Un Capodanno all’insegna del cordoglio e della speranza

Care concittadine, cari concittadini,
cari Svizzeri e Svizzere all’estero,
cari fratelli umani,

Buon Anno!

A nome del Consiglio federale porgo a voi tutti gli auguri per un Nuovo Anno segnato dal cordoglio ma anche pieno di speranza. Vi accompagnino coraggio, fiducia, salute, fortuna e la benedizione di Dio.

I miei pensieri vanno ai malati: a loro giunga il mio augurio di ristabilirsi presto. Penso anche a coloro che vivono nelle zone d’ombra della nostra società. A loro auguro in particolare forza e la solidarietà del prossimo.

Non dimentichiamo che cosa dice la nostra Costituzione: la forza dell’uno risiede nel modo in cui sa affrontare la debolezza dell’altro.

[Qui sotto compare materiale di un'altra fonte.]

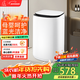 小鴨【官方店】嬰兒洗衣機兒童寶寶專(zhuān)用迷你小型內衣全自動(dòng)洗衣機懶人家用宿舍快洗 可選烘干高溫煮洗 5.6kg 波輪 白色【升級藍光+深層去污】+終生維修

Queste parole, nel giorno successivo al Natale, hanno assunto una drammatica attualità. Il maremoto in Asia, che ha recato e recherà ancora dolore anche in molte famiglie svizzere, ha assunto proporzioni che non riusciamo nemmeno ad immaginare. Ora siamo chiamati a prestare un aiuto a lungo termine.

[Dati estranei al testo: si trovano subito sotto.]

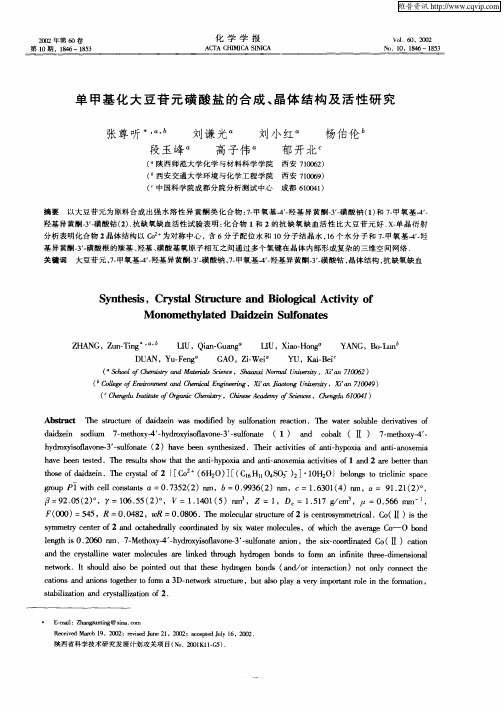 单甲基化大豆苷元磺酸盐的合成、晶体结构及活性研究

Come sempre, in tempi di estrema difficoltà, la nostra popolazione si dimostra generosa e solidale – per questo vi sono riconoscente!

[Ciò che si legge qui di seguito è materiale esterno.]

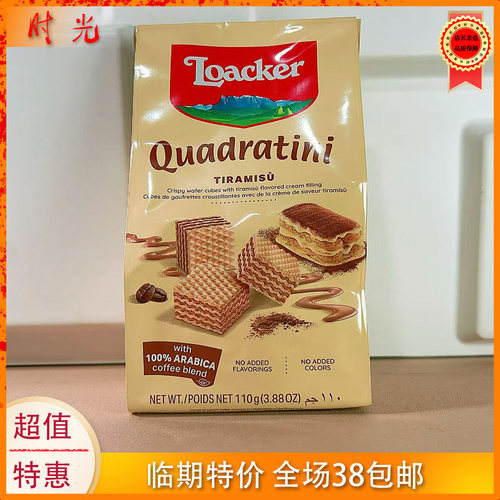 莱家提拉米苏威化饼干临期特价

La violenza della natura ci ricorda ancora una volta che l’essere umano è parte del creato. Siamo soggetti alle regole della natura. La sciagura ci insegna umiltà e modestia. Ci insegna il valore del silenzio in un mondo troppo preso in una cacofonia di suoni discordi e di riflessi ingannevoli. Ma perché occorre sempre una catastrofe per ricordarcelo?

In queste ore soffermiamoci un momento e rivolgiamo il nostro pensiero alle persone coinvolte in questa immensa catastrofe umanitaria.

Care concittadine, cari concittadini, noi tutti abbiamo bisogno di sentirci protetti, al sicuro, di prevedere quanto ci riserva il futuro, in questi giorni più che mai. Sono necessità naturali, indispensabili per affrontare la vita quotidiana.

I cambiamenti rapidi e inarrestabili che stiamo vivendo sono fonte di insicurezza. Il crescente indebitamento limita la libertà d’azione della nostra collettività nell’assumere nuovi compiti. La precarietà dell’impiego ci preoccupa. Lo capisco.

Ma il senso di insicurezza e la paura sono cattivi consiglieri: ci impediscono di vedere chiaramente quello che dobbiamo fare.

Dobbiamo pensare alle generazioni future e consolidare le nostre istituzioni sociali: nessuno deve temere di invecchiare. Consolidare significa rinunciare a un ulteriore ampliamento e fornire maggiori prestazioni.

La nozione di “prestazione” deve di nuovo assumere significati positivi. La crescita economica deve espandersi, altrimenti il nostro benessere non sarà garantito.

Gli anni di forte crescita sono finiti. Questo ci costringe a dare prova di maggiore modestia. La modestia esige moderazione e in tempi di moderazione è necessario trovare il consenso.

La disponibilità a elaborare soluzioni comuni non tradisce una mancanza di carattere, ma testimonia invece il rispetto dell’altro. Si contrappone all’ideologia e al fanatismo. È l’espressione di un agire assennato. Mi auguro che la politica sia apportatrice della forza necessaria, nell’interesse di tutti.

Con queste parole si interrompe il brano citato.